KVM, the Linux kernel hypervisor, is the up-and-coming enterprise virtualization contender. It's lean, mean, fast, and runs unmodified guest operating systems with ease. In this crash course we'll quickly get KVM up and running on Ubuntu Server, install multiple guests, manage storage, and migrate guests to new hosts.

KVM and Ubuntu Server

KVM, which stands for "kernel-based virtual machine", was first developed by Qumranet. Red Hat bought Qumranet in 2008 and made KVM the core of Red Hat Enterprise Virtualization for Servers. KVM is licensed under the GPL and is part of the mainline kernel, so any Linux distribution can support it. KVM is a Type 2 hypervisor, which means it runs inside an operating system. Some popular Type 2 hypervisors are Xen and VirtualBox. Type 1 hypervisors, such as IBM's z/VM and VMWare ESXi, run on the bare metal and don't need operating systems. KVM supports pretty much any guest operating systems: Linux, Mac OS X, Unix, Windows, and whatever else you have lying around.

Ubuntu Server, like KVM, is growing into an enterprise powerhouse. Ubuntu supports KVM on x86 and x86_64. Unlike Red Hat and Novell, the big two enterprise Linux vendors, you can download and test Ubuntu without having to register or wade through sales pitches. If you want training, commercial support, or online services like the Landscape systems manager or Ubuntu cloud services, they're there when you want them.

System requirements

For this crash course you'll need an Ubuntu computer with an Intel VT or AMD-V CPU, because these include special extensions for native support of virtual machines.(See KVM's CPU support page for more information.) I'm using 11.04, Natty Narwhal 64-bit for this article. I recommend using Ubuntu Server for your production KVM server, but for testing, any Ubuntu will do. Use this command to see if your x86 CPU has virtualization extensions:

$ egrep -o '(vmx|svm)' /proc/cpuinfo
vmx
vmx

This example shows a dual-core Intel CPU with virtualization support. You'll probably have to enable the virtualization extensions in your system BIOS. Make sure this is enabled or KVM will not work.

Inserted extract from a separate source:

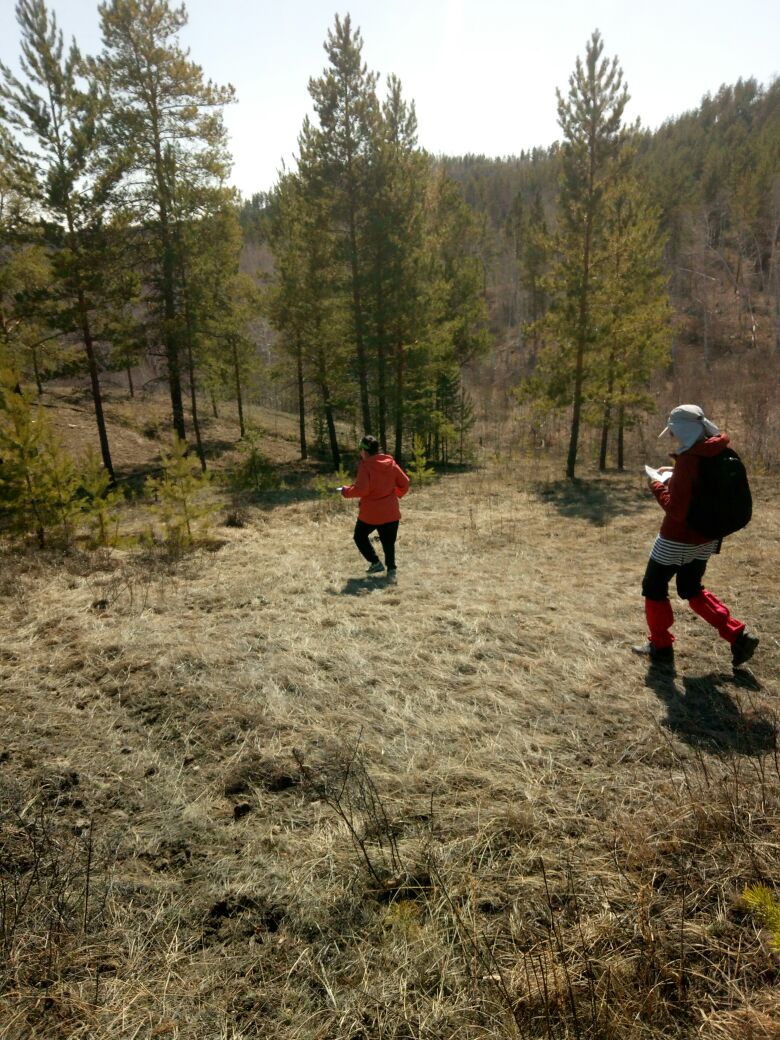 Бег в лесу: польза и техника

You can run 32- or 64-bit guests on a 64-bit system, but you can run only 32-bit guests on a 32-bit system. Lots of memory is good, and so are multi-core CPUs. Ubuntu Server is frugal of system resources, which leaves more for your virtual guests. The minimum Ubuntu Server system requirements are a 300 MHz processor, 128 MB RAM, and 1 GB hard drive space. That is very minimal. For testing KVM, I recommend a minimum 2 GHz CPU, 2 GB RAM, and enough disk space for your guest operating systems plus data storage. Provisioning a production server is a bit imprecise. If you just add up the system requirements of all your guests, you'll have an over-provisioned machine, unless your guests run at full-speed all the time. One of the benefits of virtual machines is using hardware more efficiently, because when one guest is idle another one is busy. If you under-provision and your server becomes overloaded, then you can move guests to different hosts. So you have a lot of wiggle room, and don't need to make it perfect from the start.